### Assignment
Leaving out the images, repeat all the lines below exactly.

### Information provided
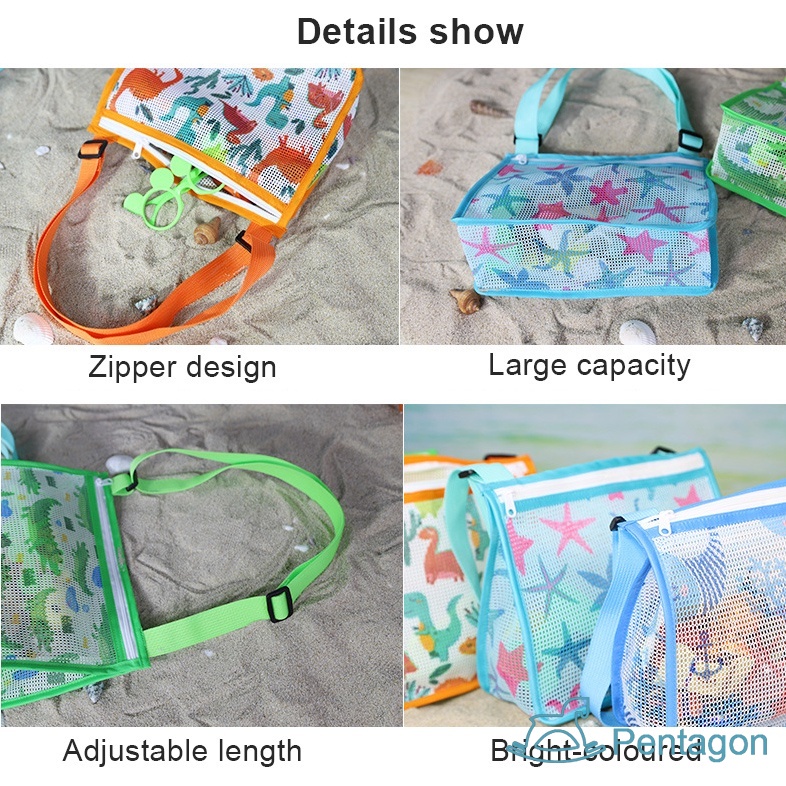 Túi Lưới Đựng Đồ Đi Biển Hình Vỏ Sò Sáng Tạo Có Thể Điều Chỉnh Cho Bé
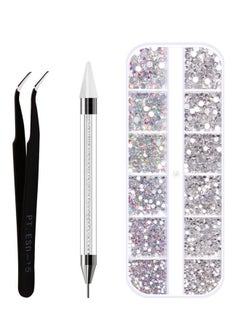 Buy Crystal Gems Nail Art Rhinestones Kit with Double -Sided Nail Wax Pen Tools &Tweezers, Charms Gems Nail Set for Face Eye Makeup Decoration &DIY Nail(White） in Saudi Arabia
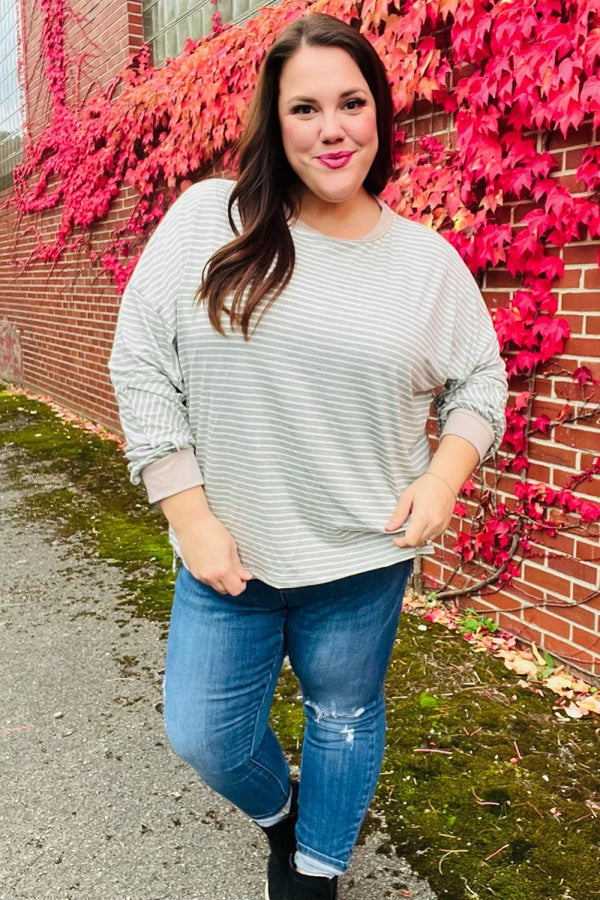 Spread Joy Grey & Ivory Striped Oversized Top - Coeur de la Mode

### Result of this task
 Túi Lưới Đựng Đồ Đi Biển Hình Vỏ Sò Sáng Tạo Có Thể Điều Chỉnh Cho Bé
 Buy Crystal Gems Nail Art Rhinestones Kit with Double -Sided Nail Wax Pen Tools &Tweezers, Charms Gems Nail Set for Face Eye Makeup Decoration &DIY Nail(White） in Saudi Arabia
 Spread Joy Grey & Ivory Striped Oversized Top - Coeur de la Mode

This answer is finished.